Lobbying efforts by the CSGA, and the foresight of Connecticut governmental authorities in seeing golf as a sport that could be played safely, brought success here that other states in the East, dark for extended periods, did not see.
“We were closed for three days in March—that was it,” said Head Professional Jim Becker of Blue Fox Run in Avon, where rounds rose from a 30,000 average year to about 37,000 this year. “We’re very lucky and very thankful to the governor for keeping it open. And to the CSGA and the PGA and everyone who worked and did a great job to get that done.”
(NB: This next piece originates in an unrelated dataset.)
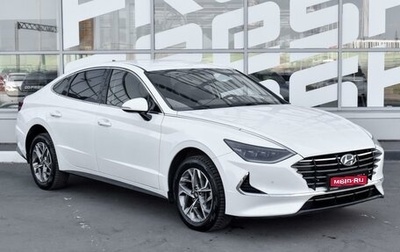 Hyundai Sonata VIII, 2019 год, 2 249 000 рублей, 1 фотография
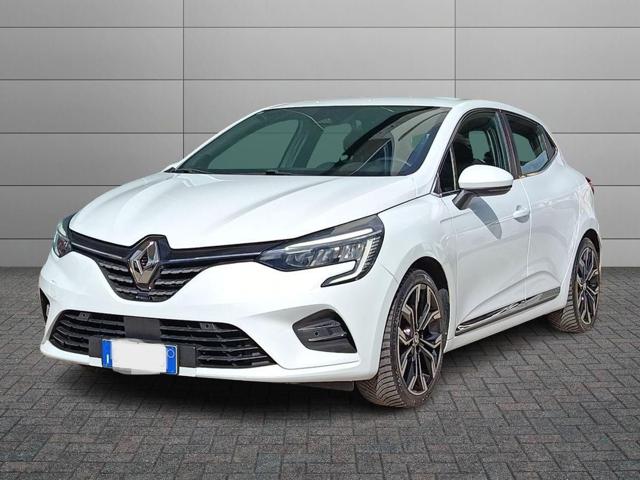 Renault Clio Full Hybrid E-Tech 145 CV 5 porte Techno, del 2022, 53.300 km, in vendita a Sassari (SS)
Typically, equipment sales mirror participation; 2020 was no exception. Nationally, mid-season sales of balls, clubs and accessories was up about 30 per cent, with August, according to Golf Datatech, achieving a record $330 million in equipment sales. “I’ve never seen the golf industry so busy,” said Chris Cote of Chris Cote’s Golf Shops. He admits that it didn’t look that way back in early spring. “We had to shut down all of our locations for more than two months during the busiest months of the year—March, April and May. But I’m happy to share we are in the green and up for the year!”
With the exception of food and beverage, where sales suffered due to closed or limited dining, it was a year when managers expressed renewed confidence in golf as a business.
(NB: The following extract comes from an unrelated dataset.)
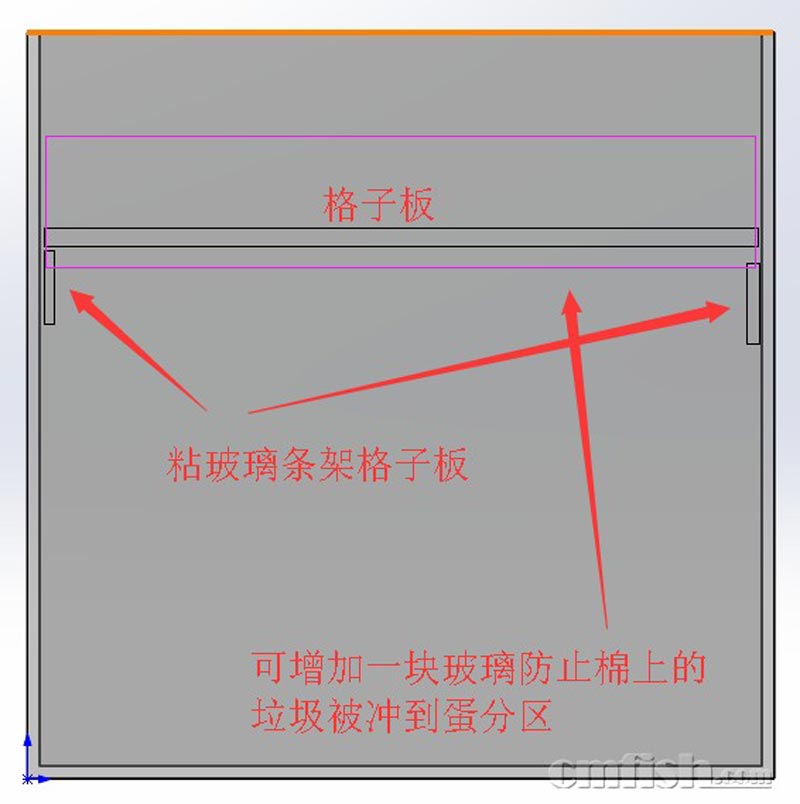 底缸的规划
National Golf Foundation research confirms that increasingly confident mood at both private and public facilities. The NGF has surveyed course and club management in 2009, 2016 and again this year, asking them to report their sense of financial stability on a scale of 1-10. In 2009, 24 per cent of public courses and 21% of private courses reported that it was “poor” (0-4). 28% of public facilities and 39% of private facilities said it was “great” (8-10). In 2020, those numbers were stunningly different. Only 8% of public and 7% of private facilities fell into the “poor” category. 56% and 64% reported that their financial health looked “great.”
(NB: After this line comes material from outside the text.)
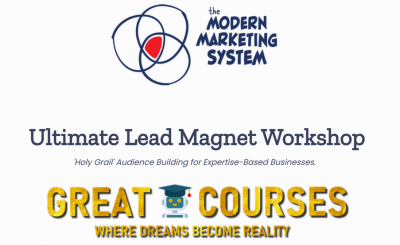 The Ultimate Lead Magnet Workshop By Shawn Twing - Free Download Course - The Modern Marketing System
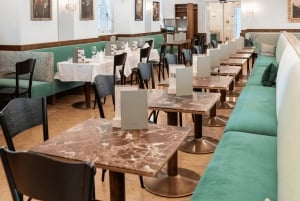 Soirée culinaire chez le sucrier impérial et royal Gerstner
“The takeaway here is that the overall financial health of U.S. golf facilities has improved significantly since 2016—a function of stabilizing participation, an improved overall economy, the closing of many lower-performing courses, and now the surge in rounds played,” said the report, written by NGF President and CEO Joseph Beditz. “And, with fewer facilities now financially ‘at risk,’ we should expect the rate of closures/conversions to slow down, and the marketplace to find its way closer to equilibrium.”
“If you’re not making money this year, you’re in the wrong business,” said Sterling Farms Head Professional Angela Aulenti back in July. After the down years of 2008 and 2009 and water-treading since, that is welcome news. It will be outstanding news if that renewed interest and appreciation for the game continues into 2021 and beyond.
Judy Smith of Orange Hills thinks it will. “We had many people playing golf for the first time and I am certain that that percentage will be retained, if for no other reason than because the game is so addictive. We saw existing golfers from throughout the state playing Orange Hills for the first time, and they became repeat customers and new members. Golfers truly appreciated that golf courses were open and that they had a safe place to enjoy a little recreation during a challenging time,” said Smith. “They frequently thanked our staff and management for remaining open.”